Just beginning to read Stephen Batchelor turned me on in a big way:
With the first 3 pages of Buddhism Without Belief there came what seemed to me a significant gestalt- call it a vision:
Belief! Yes, that's what's wrong with Christianity, conventional Christianity, that is.
The gospels have Jesus constantly exhorting us to believe. But believe what? I infer that he meant believe in the power of love that he brought us from God.
But-- for the first 3 centuries we got layers and layers of theological overlay which was then sealed as orthodoxy by Constantine. He insisted that everyone believe the same thing. Possibly a good political policy, but definitely not good theology. It turned free followers of Jesus into lemmings.
For many years it has been painfully obvious that at this point we got a fallen church, a church tuned to worldly power, and nothing since has happened to 'raise' it. Nothing but the heretics like gnostics, bogomils... and quakers!
These groups stood for individuality-- everyone getting his own guidance from God. However even here strong forces pushed people toward conformity. Maybe they don't use quaker dress anymore, but they have a jargon! and a few other things; it sets them apart from other tribes.

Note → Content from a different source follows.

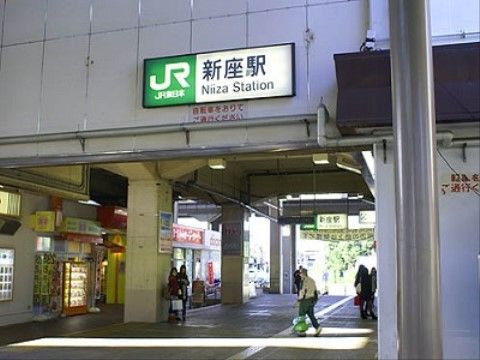 駅から施設まで、歩いてお越しいただけるため、車がなくても訪問しやすい立地となっている。売店でお買い物もしていただける。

There is one belief that seems to me essential- belief in life as Jesus pictured it for us. Not an intellectual proposition but something to test, and see what happens. That's my "enobling truth". That's the path, the way.
On page 5 Batchelor points out how Buddha's enobling truths were converted into [theological] propositions. From this I infer that the course of Buddhism was, then remarkably similar to Christianity as I've described it. How refreshing to be delivered from the need to open big books to learn "something about Buddhism".